4 May 2009

Heroin and your veins - Dead people's trails (2007)

Sinikka & Orvo, Matti & Pekka, Eeva-Leena & Marjatta are having a blast at the local humppa joint (called Lihamarkkinat). The night is beautiful and the beer is mellow and the stars shudder brightly. Somebody throws up in a corner. A few scoundrels start a brawl at the other end of the joint. The band heroically delivers a string of classics from the past.

The orchestra is not called Rekka-pojat (not this time). They are Heroin and your veins. On Dead people's trails, the artist (yeah, it's one guy, but according to the homepage of Heroin...., there's a live band) churns out a mix of twisted humppa (a brand of Finnish entertainment music) & seedy, dark instrumentals somewhere in the shadowlands surrounding Bohren's work & post-rock ensambles like for example Explosions in the sky (but no crescendos). As you see, they draw on very different sources. Some of the material on the album could also, I suppose, be called some sort of surf music. Personally, I am not that great a fan of the genre (Jack Nietzsche?), but I am very delighted to have found this band, with an album abounding with exactly the right kind of cheesiness and alluring twist of tradition. One song, "Diet and cancer" makes me think of pukesy humppa, Joy division and the Surfaris at the same time. Some tunes on Dead people's trail are build around slower, but yet twangy, riffs that conjure up some of the landscapes that Bohren's music so masterfully evoke. The vaguely Lynchian ones. But with a steady, shiny dance-shoe on the Humppa (OK or maybe post-punk) joint floor.

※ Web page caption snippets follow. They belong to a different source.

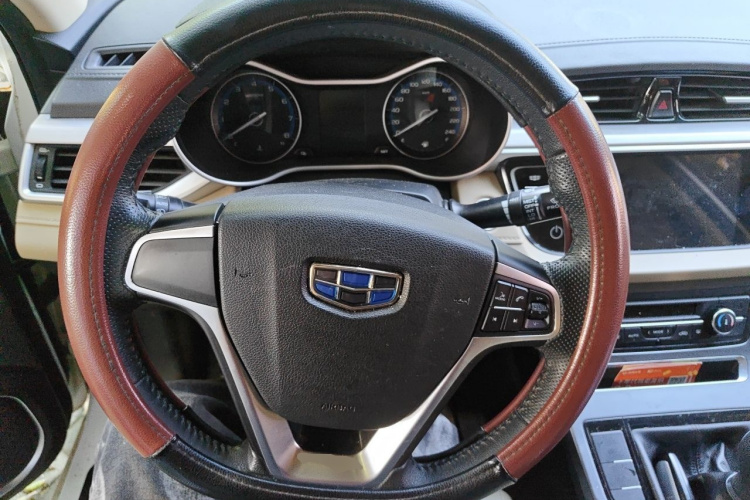 GEELY Emgrand 2019 car image #11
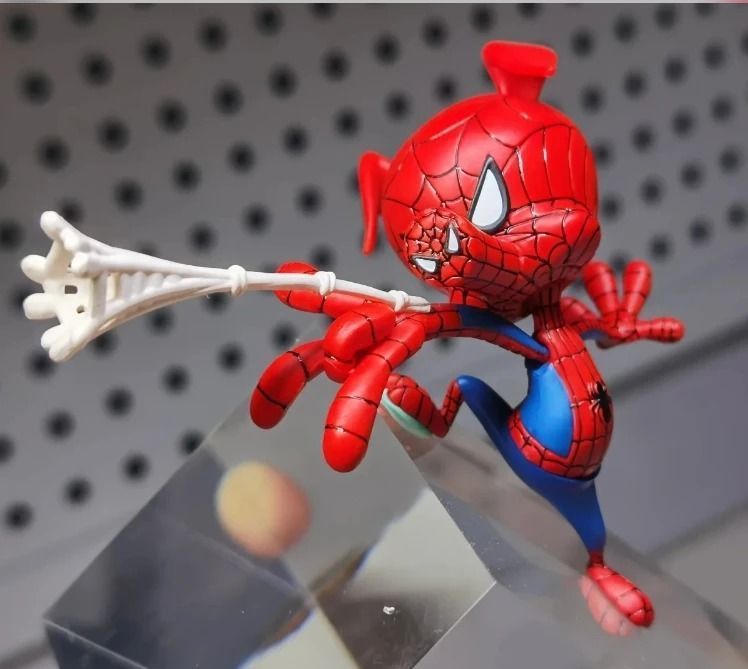 Фигурка из вселенной Spider-Man Гвен Стейси, подвижная, 16 см (AVG 0018)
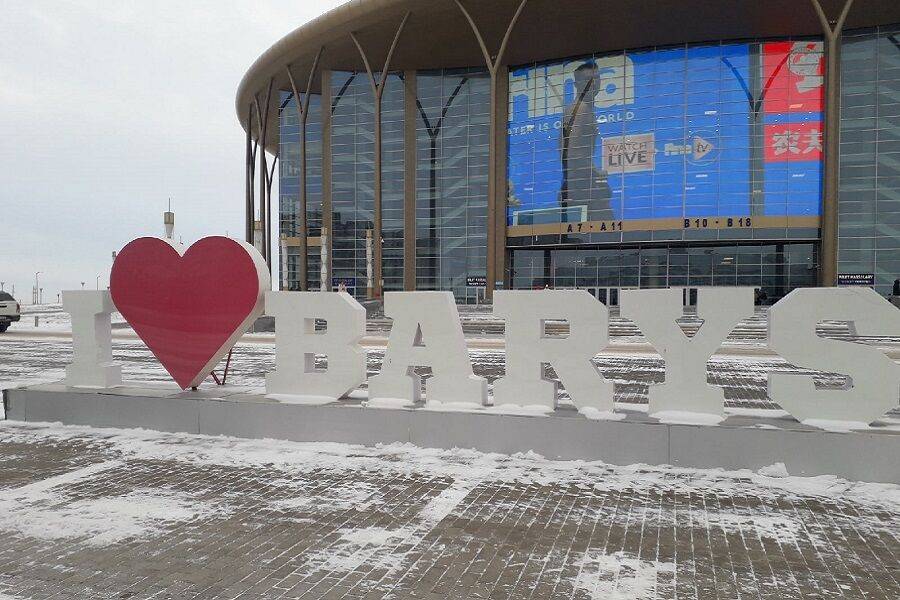 Поездка в Астану на хоккей: как в Казахстане люди болеют за "Барыс"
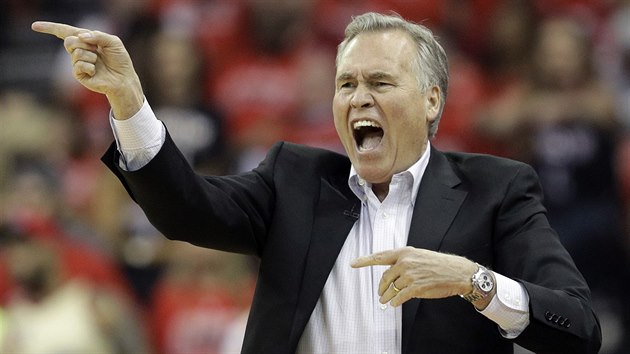 Mike DAntoni se sna usmrnit hre Houstonu v rozhodujcm zpase s Golden State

This band should get some attention. Apparently, there's a new album, too. The sound is pretty good, I must say, and it is pretty cool that one of my favorite bands, Bohren & der club of gore, has gained some Finnish followers. And, what is vital in this context, Heroin and your veins is lots of fun (I expected glum goths). Get ready to shake a leg to some of the most narcoleptic, desolate-sounding music you will hear in a long time.

2 comments:

Anonymous said...

Humppa?

M. Lindman said...

Yeah, why not? Just an association, of course. But maybe a bit far-fetched, I admit it.